Start of Block
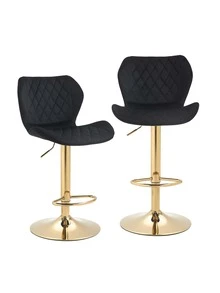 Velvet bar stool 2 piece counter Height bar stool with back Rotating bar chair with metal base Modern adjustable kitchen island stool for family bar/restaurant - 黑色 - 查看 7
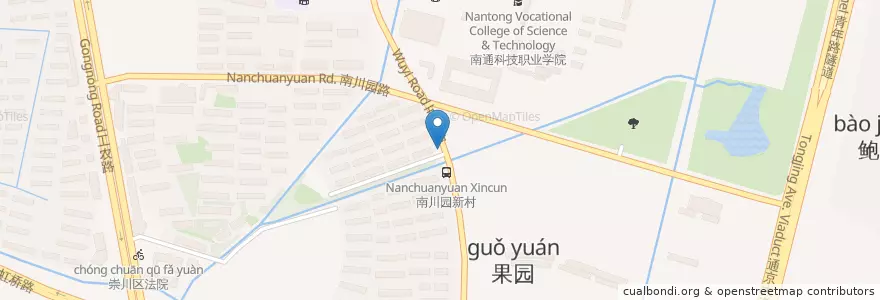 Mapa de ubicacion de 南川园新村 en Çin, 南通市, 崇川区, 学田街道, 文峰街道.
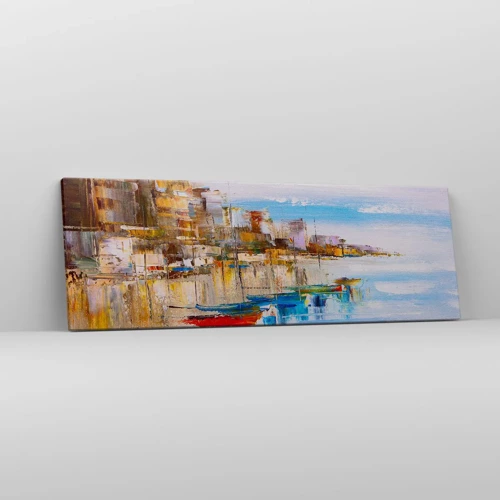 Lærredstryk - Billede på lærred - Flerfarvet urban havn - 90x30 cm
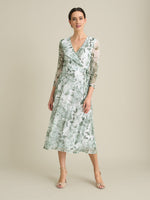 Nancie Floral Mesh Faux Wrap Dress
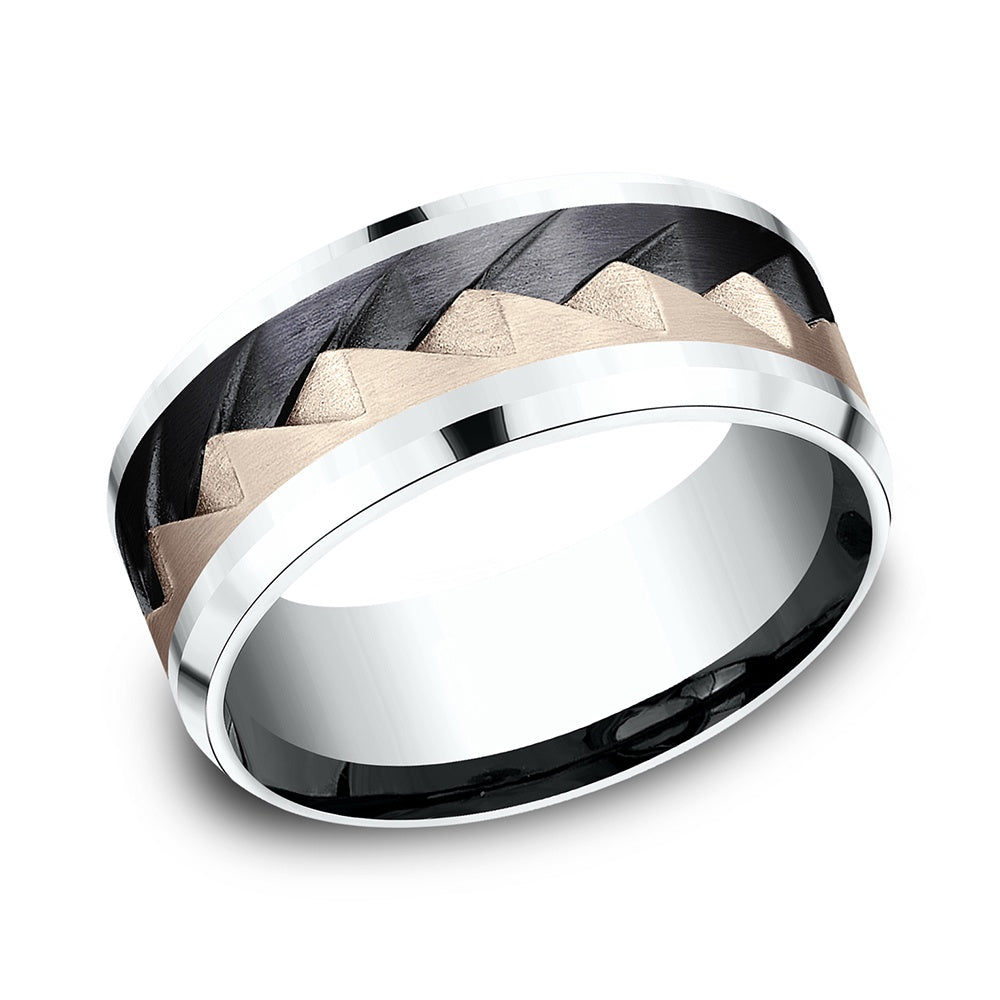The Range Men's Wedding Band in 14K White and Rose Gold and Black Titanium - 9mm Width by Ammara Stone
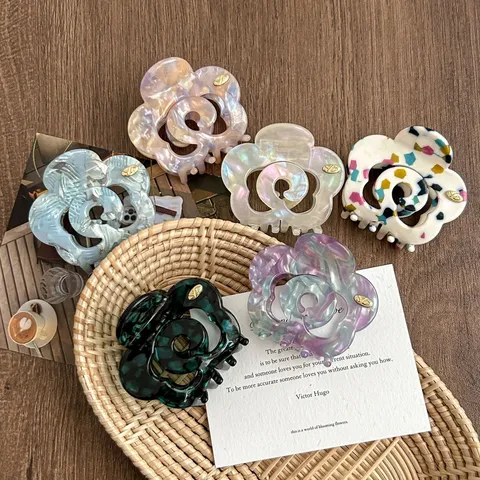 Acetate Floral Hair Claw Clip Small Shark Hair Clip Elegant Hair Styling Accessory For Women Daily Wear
End of Block
WHAT THIS TASK INVOLVES =>
Please return, exactly and with pictures omitted, the lines from the line holding "Mapa de ubicacion" through the end of the data above, inclusive.

EXERCISE OUTPUT =>
 Mapa de ubicacion de 南川园新村 en Çin, 南通市, 崇川区, 学田街道, 文峰街道.
 Lærredstryk - Billede på lærred - Flerfarvet urban havn - 90x30 cm
 Nancie Floral Mesh Faux Wrap Dress
The Range Men's Wedding Band in 14K White and Rose Gold and Black Titanium - 9mm Width by Ammara Stone
 Acetate Floral Hair Claw Clip Small Shark Hair Clip Elegant Hair Styling Accessory For Women Daily Wear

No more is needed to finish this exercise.